CUT OUT THE MIDDLEMAN
Even with its immense benefits, the DTC path is not without difficulties — particularly for smaller brands that initially lack the resources to get the word out. “It can be tough to gain traction starting from zero,” explained B. Riley & Co. LLC analyst Jeff Van Sinderen. “It’s [completely] do-it-yourself, and for smaller brands, this can be an expensive undertaking.”
By offering broad exposure to an array of customers as well as access to expensive, complex operating systems, wholesale partners can be a significant boon for brands.
Grand Voyage’s Nand said one of the biggest hurdles he faced was reaching a larger audience. “Retail is marketing to some degree: Customers get exposed to new brands, and they can see and feel the quality of the materials firsthand,” Nand said. “Being that our online customers can’t see our products in person, we made sure they knew there was zero risk in buying from us, by offering hassle-free returns and exchanges.”
Grand Voyage has also leaned heavily on social media to boost marketing. (In fact, many DTC brands are birthed out of Instagram, where some have even built sizable followings before actually going to market.)
“Social media is the lifeline to any DTC brand,” Nand said. “Over 70 percent of our business is generated from social media.”
Nevertheless, Grand Voyage has also partnered with retailers Barneys New York and Nordstrom to showroom its collections — a growing trend among DTC labels, which view wholesale accounts as a marketing tool as opposed to a major revenue stream.
Case in point: While DTC is the primary component of its distribution mix, Modern Vice has kept the door open to wholesale partnerships.
“Sometimes, strategically, you want to be in a few stores because it helps get people to your site and it helps people go in and try shoes on. And they buy shoes there, then they buy from our website,” Adoni said, adding that the brand is in Bloomingdale’s and Free People.
Another challenge is a dearth of financial backing to build the infra- structure necessary to be fruitful.
“When a DTC brand starts out, it doesn’t have 1,000 engineers like Amazon to build an effective web, in-store and mobile experience,” Mangtani said. “And to be successful, these brands have to compete with the best-in-class Amazon.”

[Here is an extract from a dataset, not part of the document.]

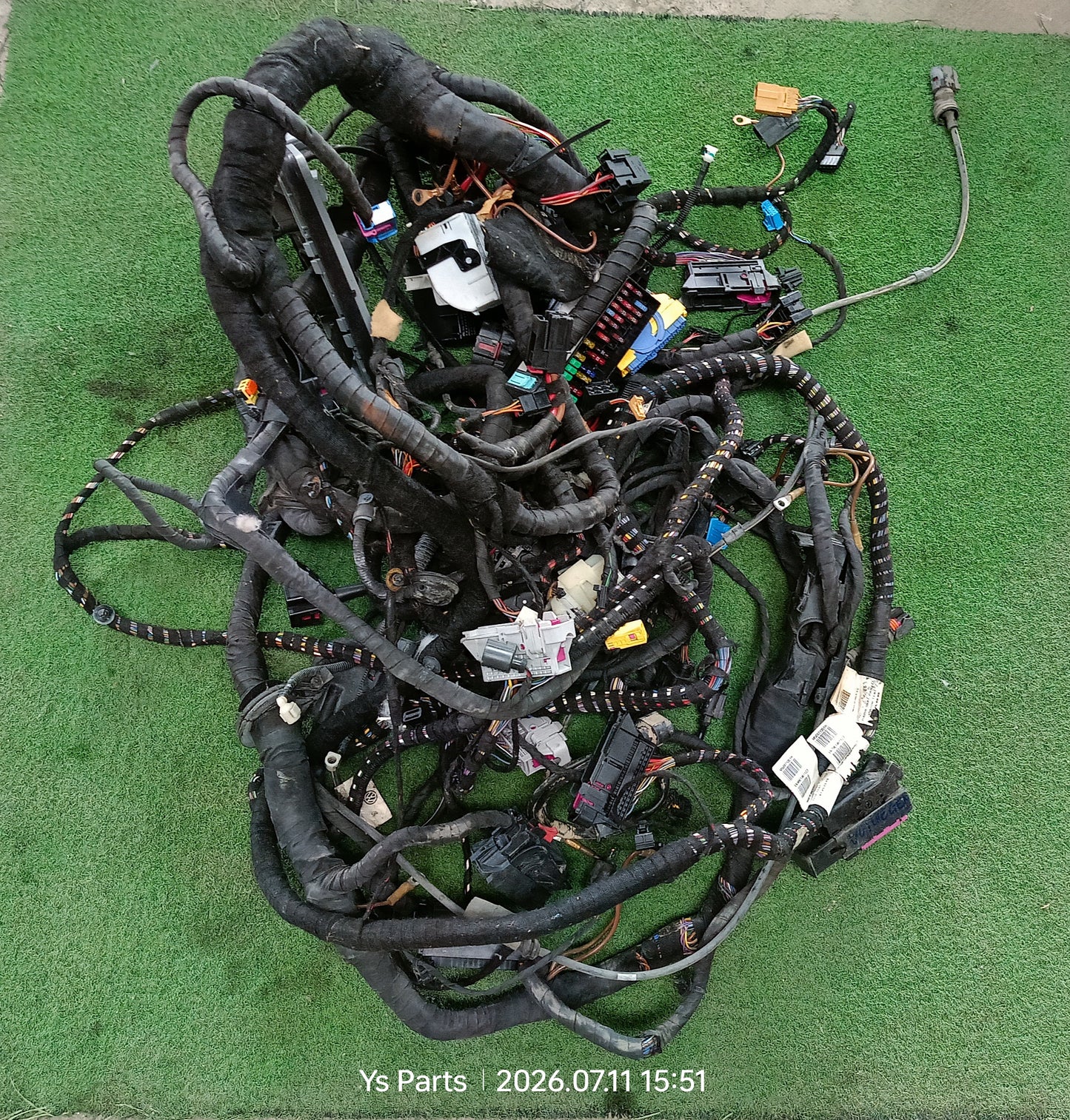 VOLKWAGEN FUSEBOX / 1 SET WIRING (M50971051H)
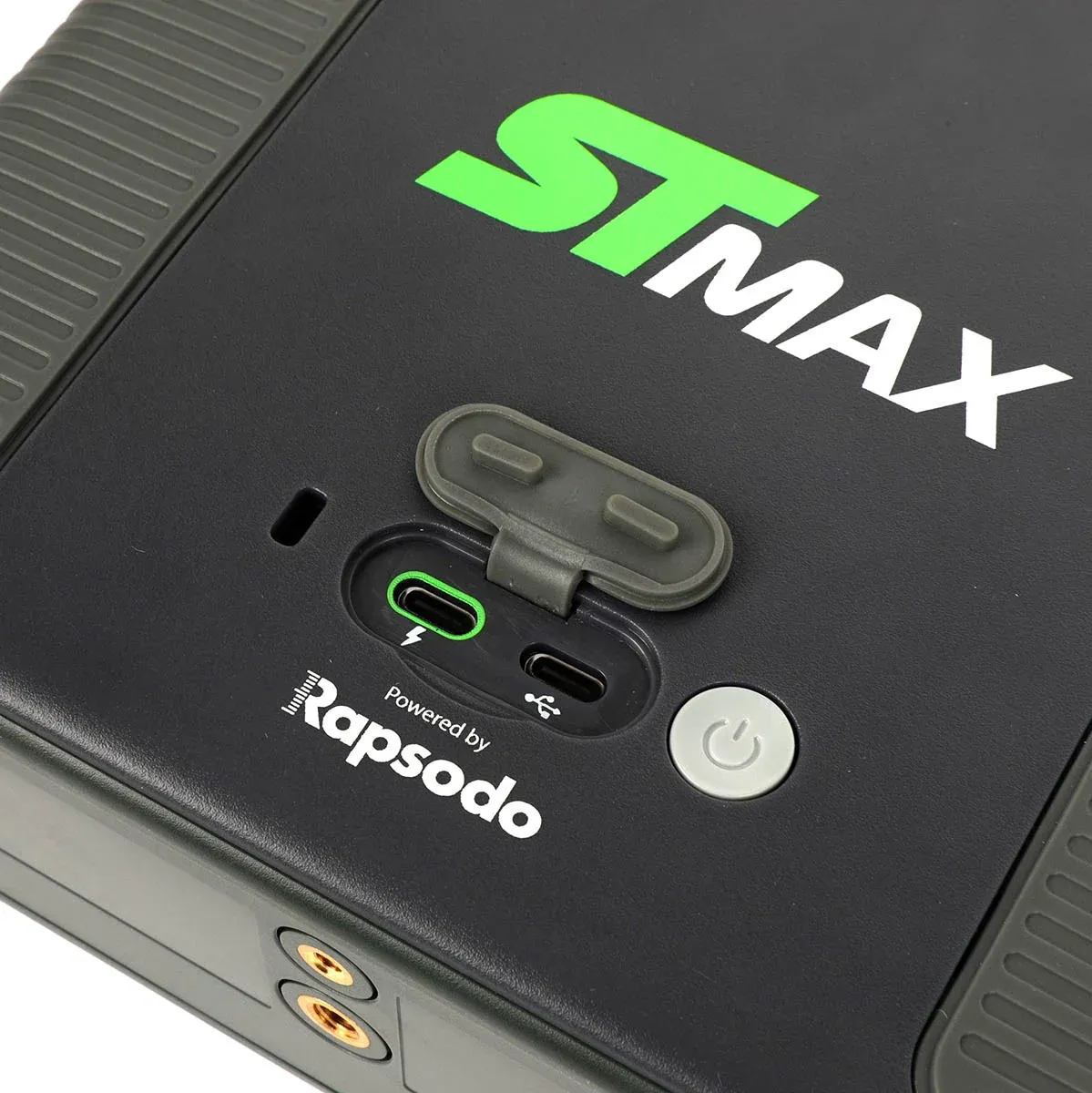 SkyTrak ST MAX launch monitor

Adoni said he understands the financial obstacles of the model all too well. “People underestimate how much it costs to run a direct-to-consumer brand,” he said. “We strive to make everybody happy all the time. We are emotionally attached to the brand and the people who buy it. Direct-to-consumer is not a cheap way to go about the shoe business. You spend less money day to day but more money long-term.”
What’s more, according to Farla Efros, president of HRC Advisory, the logistics are also fraught with margin pressures.
“DTC bears heavy costs along the supply chain, and yields smaller [profits],” Efros said. “Brands have to find inventory holding locations that can service customers at the speeds they expect. Also, the model requires more sophisticated order management and customer service programs in order to mitigate potential customer satisfaction issues, which are incredibly technical and require close eyes.”
But the brands that have reaped dividends attest that DTC’s benefits outweigh the drawbacks.
“[For consumers] it’s that aha moment when it all comes together: You see an ad, or hear about it from a friend, and you actually put them on and see how it fits,” M.Gemi’s Kaplan said. “Up until that point, it’s a new brand and you are buying into the story, but when you see the shoes, you get it.”